An Inside View of a Deadly Attack on a Ukrainian Rail Station

Survivors detail how a Russian missile strike disrupted the evacuation of civilians from the Donetsk and Luhansk regions

An Inside View of a Deadly Attack on a Ukrainian Rail Station
Kramatorsk station director Lyubov Pazyura, 64, poses for a photograph in front of the railway station that suffered one of Russia’s bloodiest attacks of the war on Ukrainian civilians. (Anna Tsyhyma)

In the first weeks of Russia’s full-scale invasion of Ukraine, residents from the frontline cities belonging to the eastern regions of Donetsk and Luhansk feared that each day would be their last before Russian occupation. It soon became clear that the only way to evacuate large numbers of people westward toward safety was by railway. 

The Ukrainian authorities hoped to create “green corridors” for the millions of civilians fleeing the violence, but the siege of Mariupol, a southern port city, showed that organized convoys of cars were not able to leave, while civilians who left alone risked coming under fire.
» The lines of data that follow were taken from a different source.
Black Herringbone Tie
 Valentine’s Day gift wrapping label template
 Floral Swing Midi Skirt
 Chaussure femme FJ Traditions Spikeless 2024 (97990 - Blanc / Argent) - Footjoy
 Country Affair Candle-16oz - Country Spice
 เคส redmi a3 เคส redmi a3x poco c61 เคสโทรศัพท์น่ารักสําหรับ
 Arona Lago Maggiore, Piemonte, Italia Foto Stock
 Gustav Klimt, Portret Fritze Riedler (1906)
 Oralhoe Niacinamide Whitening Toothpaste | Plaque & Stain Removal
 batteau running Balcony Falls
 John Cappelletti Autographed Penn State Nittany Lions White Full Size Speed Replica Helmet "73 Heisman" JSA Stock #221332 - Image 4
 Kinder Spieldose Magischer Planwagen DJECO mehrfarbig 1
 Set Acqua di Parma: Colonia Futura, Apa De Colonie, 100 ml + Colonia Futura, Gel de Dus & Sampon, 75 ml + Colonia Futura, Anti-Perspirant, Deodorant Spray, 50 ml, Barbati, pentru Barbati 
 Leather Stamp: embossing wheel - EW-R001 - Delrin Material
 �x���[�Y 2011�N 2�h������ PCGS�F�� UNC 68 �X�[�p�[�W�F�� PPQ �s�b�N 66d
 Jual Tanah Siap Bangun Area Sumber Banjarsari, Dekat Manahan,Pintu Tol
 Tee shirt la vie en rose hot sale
The main departure point in the east quickly became the red-brick railway station in Kramatorsk in the Donetsk region, the largest city farthest from the hostilities. Several dozen volunteers coordinated the constant flow of passengers who arrived from the combat zones, often shocked and disoriented. No tickets were needed or issued; volunteers directed people to a large tent where they could get cups of steaming tea. Lining up to get onto the trains could turn into a battle for survival: Sometimes, those who were fitter pushed the weaker passengers out of the line, volunteers recalled.